- **ACTION ITEM**:
Your reply should consist only of the lines from the one with "I Serve A Savior: A" through the end of the entries, transcribed exactly. Pictures stay out.

- **STUDY MATERIAL**:
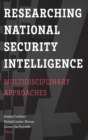 Researching National Security Intelligence : Multidisciplinary Approaches - Book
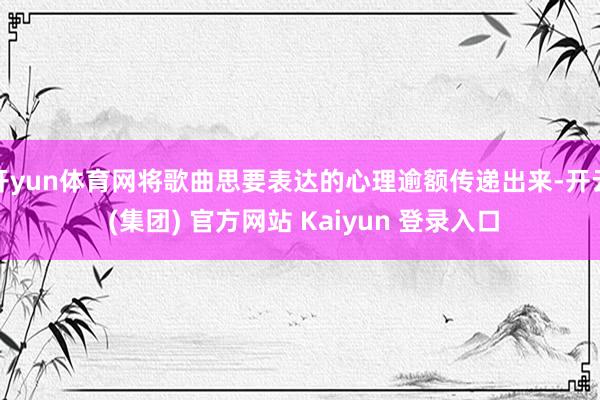 开yun体育网将歌曲思要表达的心理逾额传递出来-开云 (集团) 官方网站 Kaiyun 登录入口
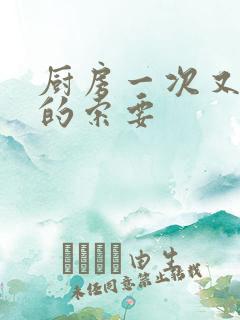 厨房一次又一次的索要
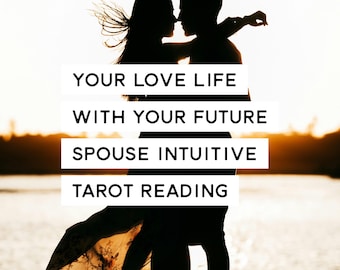 Your Love Life with Your Future Spouse Intuitive Tarot Reading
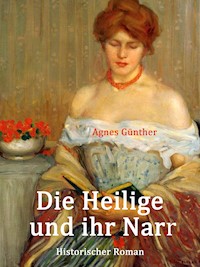 Die Heilige und ihr Narr - Agnes Günther - E-Book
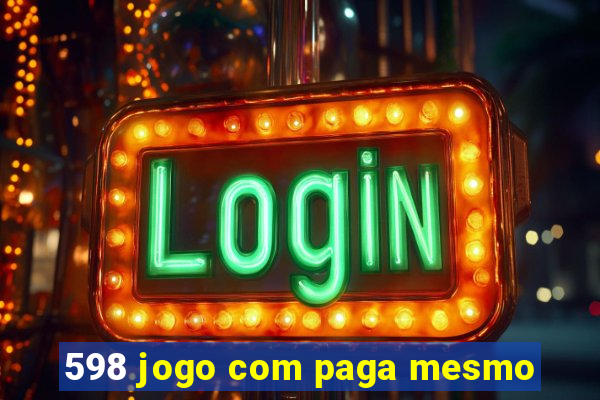 598 jogo com paga mesmo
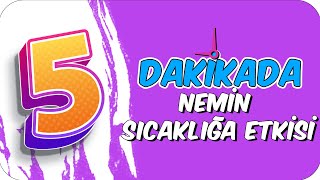 5dkda NEMİN SICAKLIĞA ETKİSİ [upl. by Bez65]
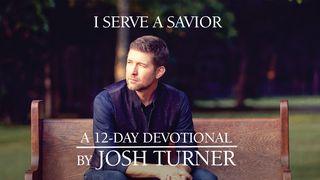 I Serve A Savior: A 12-Day Devotional By Josh Turner Psalm 77:4 King James Version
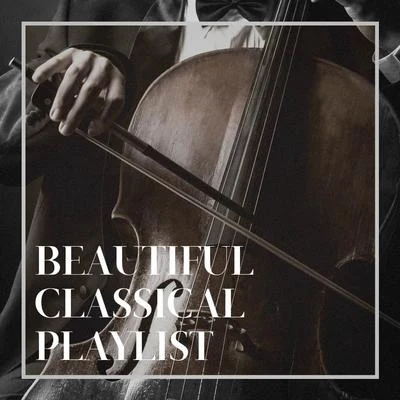 Beautiful Classical Playlist 專輯 Best Classical Songs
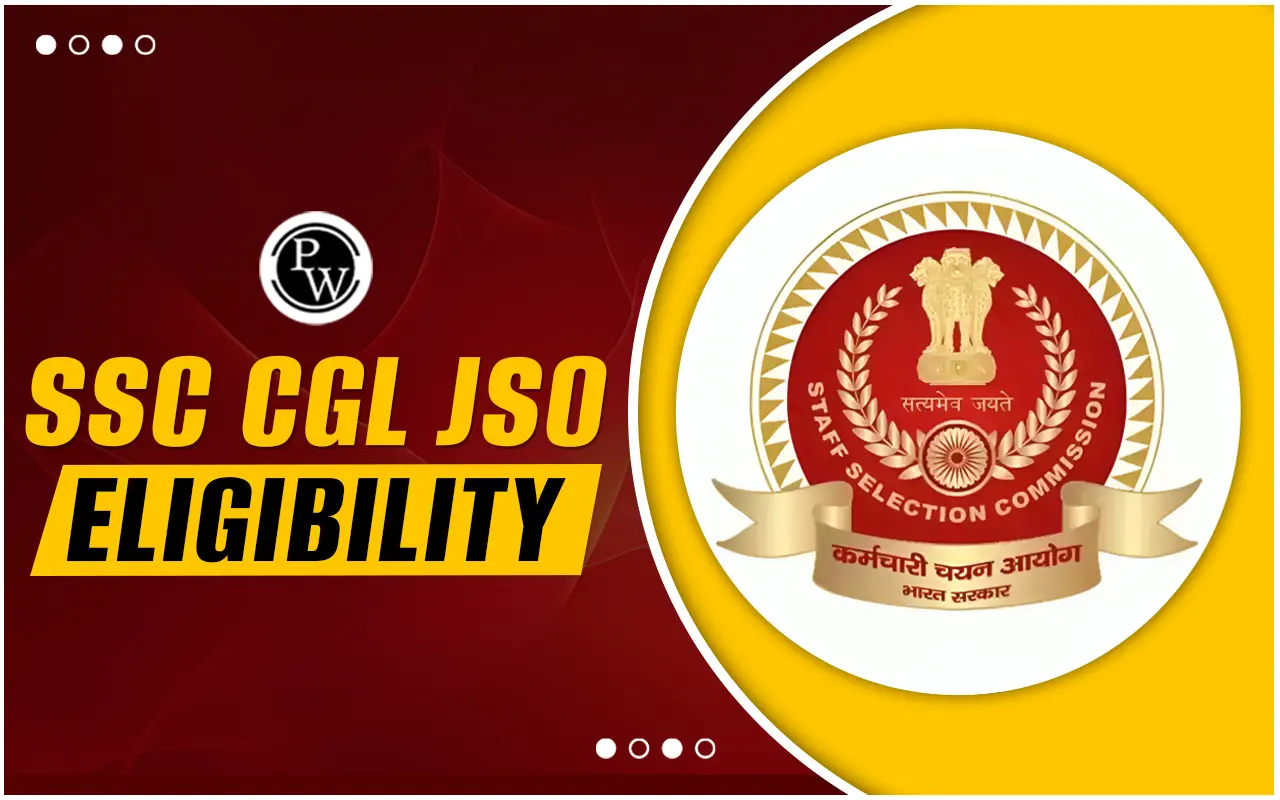 SSC CGL JSO Eligibility Criteria 2024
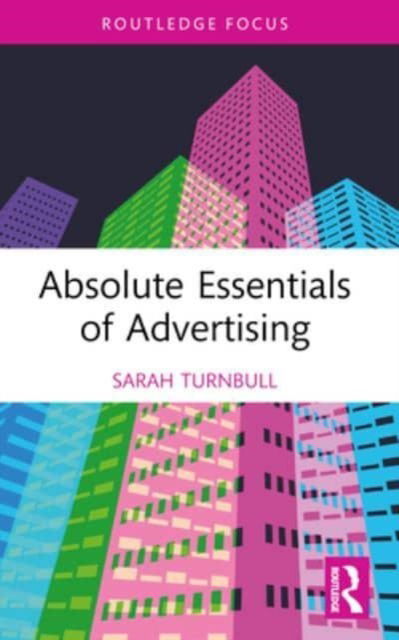 Cover for Sarah Turnbull · Absolute Essentials of Advertising - Absolute Essentials of Business and Economics (Paperback Book) (2024)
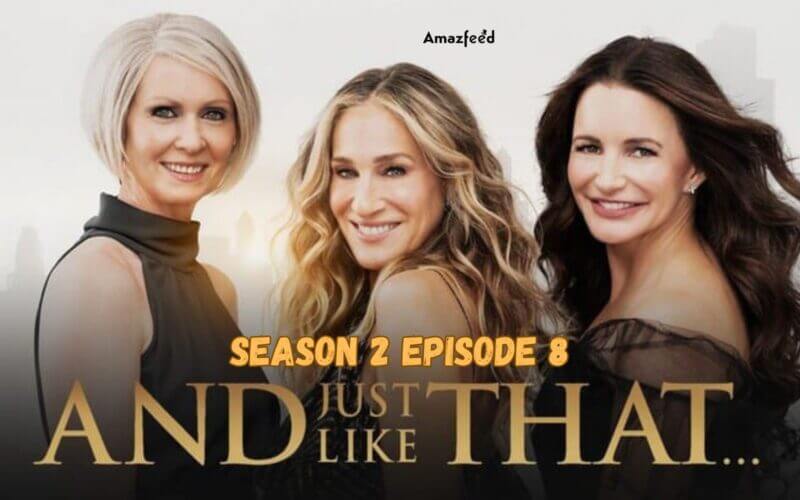 And Just Like That Season 2 Episode 8 Release Date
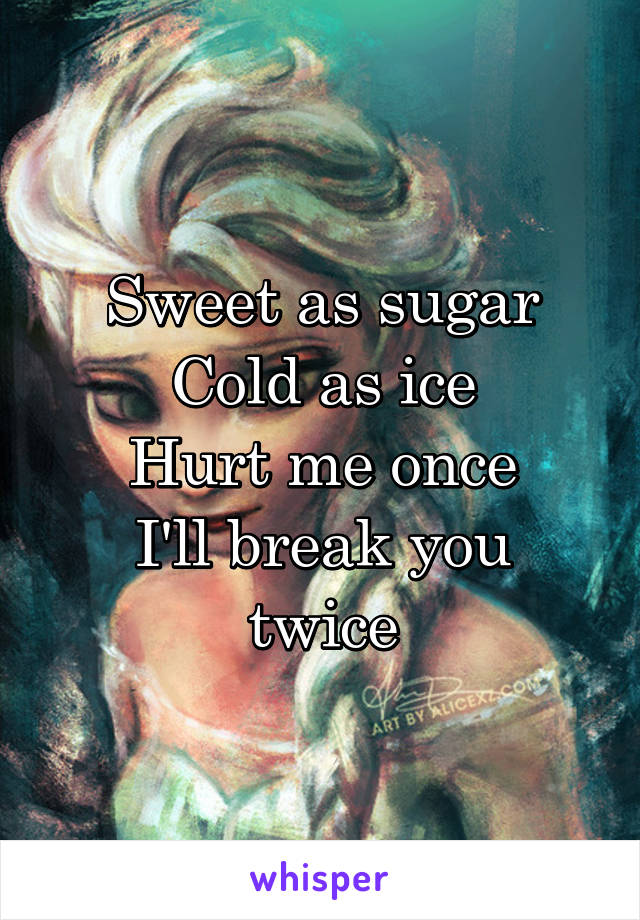 Sweet as sugar
Cold as ice
Hurt me once
I'll break you twice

- **ANSWER AREA**:
 I Serve A Savior: A 12-Day Devotional By Josh Turner Psalm 77:4 King James Version
 Beautiful Classical Playlist 專輯 Best Classical Songs
 SSC CGL JSO Eligibility Criteria 2024
 Cover for Sarah Turnbull · Absolute Essentials of Advertising - Absolute Essentials of Business and Economics (Paperback Book) (2024)
 And Just Like That Season 2 Episode 8 Release Date
 Sweet as sugar
Cold as ice
Hurt me once
I'll break you twice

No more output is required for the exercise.